REQUIRED ACTION = In the listing below, print exactly the lines between the line holding "ADORNEVE Loft Bed" and the line holding "Embossed Leather Stand", inclusive, and no more.

[PROVIDED DATA]

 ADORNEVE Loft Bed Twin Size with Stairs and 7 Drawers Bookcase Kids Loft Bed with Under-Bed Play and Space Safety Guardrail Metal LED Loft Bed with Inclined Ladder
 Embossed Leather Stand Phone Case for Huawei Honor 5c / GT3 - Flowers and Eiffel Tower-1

[/PROVIDED DATA]
[PROVIDED DATA]

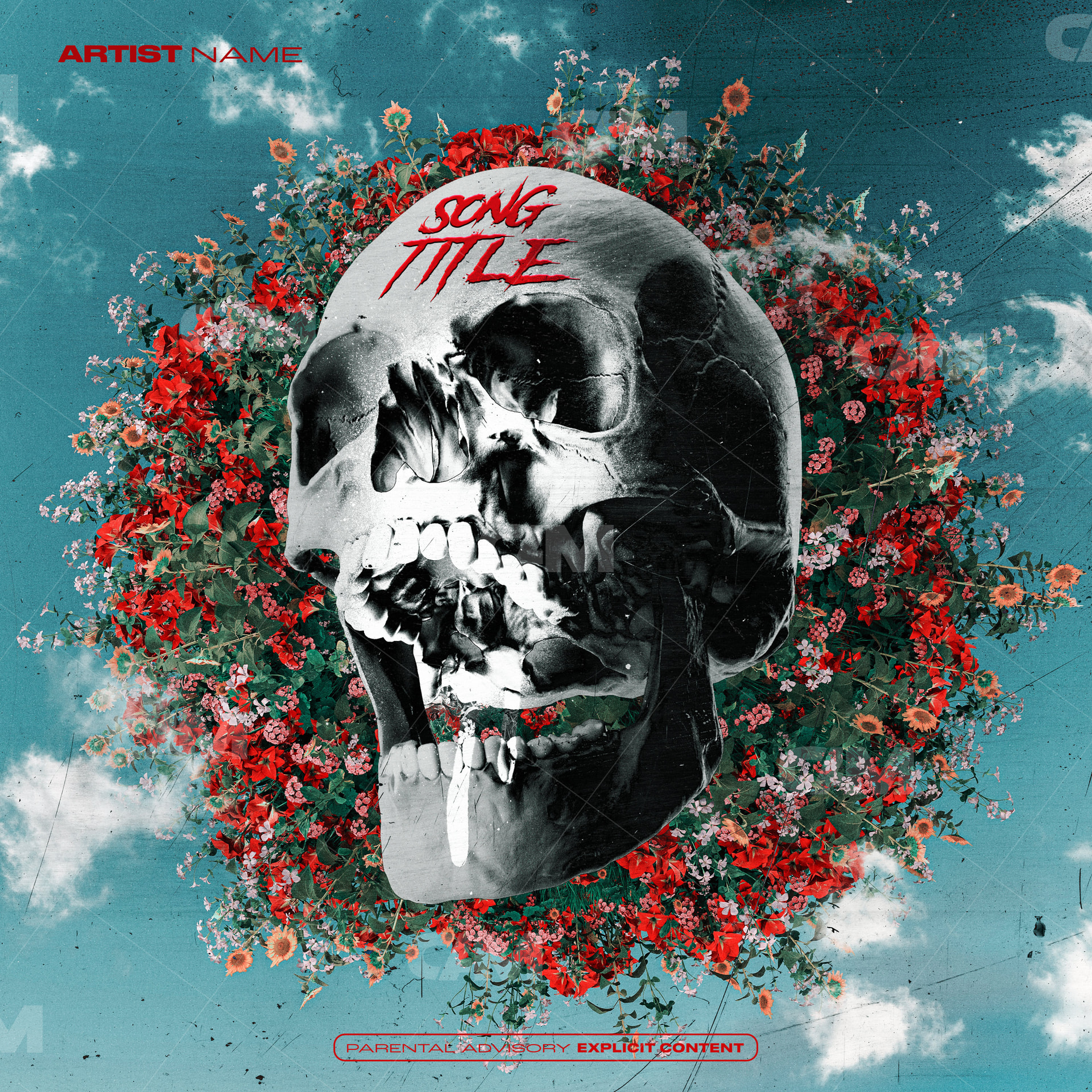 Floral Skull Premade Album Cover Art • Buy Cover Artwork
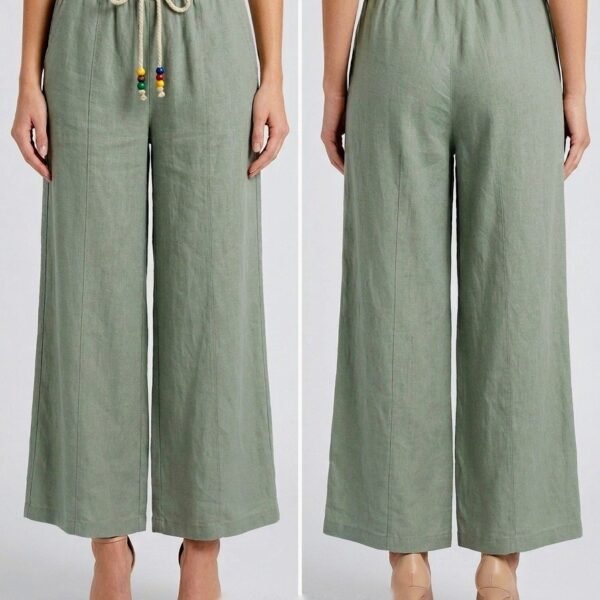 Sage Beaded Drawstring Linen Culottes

[/PROVIDED DATA]

FINISHED EXERCISE =
 ADORNEVE Loft Bed Twin Size with Stairs and 7 Drawers Bookcase Kids Loft Bed with Under-Bed Play and Space Safety Guardrail Metal LED Loft Bed with Inclined Ladder
 Embossed Leather Stand Phone Case for Huawei Honor 5c / GT3 - Flowers and Eiffel Tower-1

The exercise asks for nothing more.